WBEL4 Preview Ready For Testing
linuxbeta writes "A preview of WBEL4 (White Box Enterprise Linux) is currently available via BitTorrent. White Box nicely fills the niche between Fedora and RHEL. WBEL Sreenshots. WBEL FAQ. With this latest White Box Enterprise Linux release, is it time to walk away from RHEL?" Not if you want support from Red Hat, it's not.
Binary driver vendors only distribute binary drivers for certain kernel versions of certain distros, mostly redhat suse and mandrake. The nVidia drivers are an example, but they can also recompile for vanilla kernels, but what about say a binary driver compiled for the stock 2.4 kernel that comes with redhat 9 shrike? Will it work seamlessly with WBEL?
I'd imagine all kernels were recompiled, at least to remove the word 'redhat'. I know I could download RHES kernels from their installation floppies and use those... but is that required to run precompiled kernel modules?
"Give orange me give eat orange me eat orange give me eat orange give me you." -Nim Chimpsky
Not if you want support from Red Hat, it's not.

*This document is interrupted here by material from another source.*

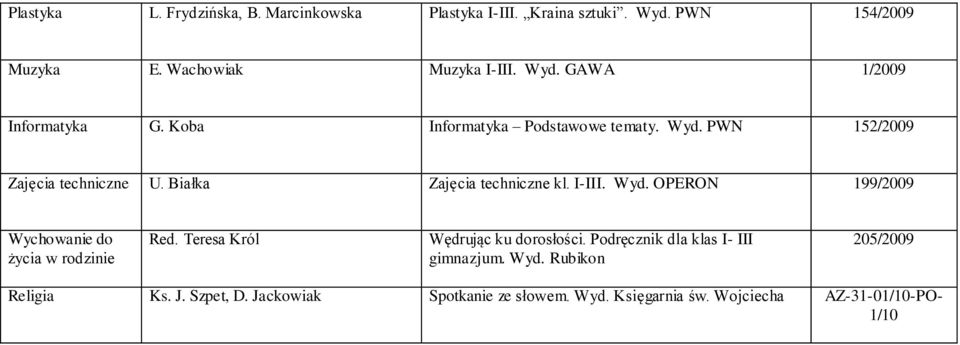 I-III. Wyd. OPERON 199/2009 Wychowanie do życia w rodzinie Red. Teresa Król Wędrując ku dorosłości.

That to me sums it up. The *only* reason i can think of to go with Red Hat is if you need the support. Other than that.. what are the benefits?
yet another linux distribution
imagine if everyone collaborated on say 5 distributions, fixed the bugs, polished the GUI's instead of the thousands of distros that are more-or-less the same thing.
MS would of been toast years ago
all the time there are these clones of each other they just dilute the brand and waste valuable manpower, these distros dont add anything significant to the table, its as if Linux innovation has stalled and now people are just resorting to changing wallpaper and icons , sticking a different logo on it and call it YALD
focus is a word that needs to be kept in mind, MS has been so successful because its a known quantity, i cant imagine the nightmares support/service companies will have in the future trying to support all these variations,
thats why Red Hat/Suse are successful
because they have a plan and are sticking to it, companies love consistancy and YALD is the complete opposite
I went to the WBEL website, got re-directed to Whiteboxlinux.net and this is what I saw:q id=19
I've been actively involved in the CentOS community for the past several months. As most of you know I've become disinterested in WBEL. CentOS is nearly the same as WBEL with a few minor exceptions: updates occur in a timely fashion (usually 24 hours), the developers are accessible (even if via IRC), and there is an active community (again in IRC atm).
CentOS has launched a new dedicated site at http://www.centos.org
I have prepared a migration page for moving from wbel to CentOS. http://www.centos.org/modules/smartfaq/faq.php?fa
I am confused now. Who's who?
RHEL have recommended CentOS in the mailing list if you need an enterpise system and you or your company can't afford $345 a year. I guess that says alot about it. Some red hat engineers have even helped the CentOS project out.
Regards,
Steve
Its not about needing an enterprise system. If you want to use RedHat's more stable product offerings then you have to pay. While Fedora Core is a nice operating system it is referred to as a "Test Bed" by RedHat. "Test Bed" operating system and "Production Environment" don't go toghether in my mind. With the end of RH 9 there isn't a freely available OS from RH anymore. You have to pay. So if you are familiar with and or like RedHat you have to compile from source if you don't want to pay. This is especially interesting when you have software that only runs on one of the commercial operating systems and you have been using RH for years as it was one of the supported OSes. $345 / year * 10 boxes. That is not an insignificant cost. Across 5 years that is ~$20,000.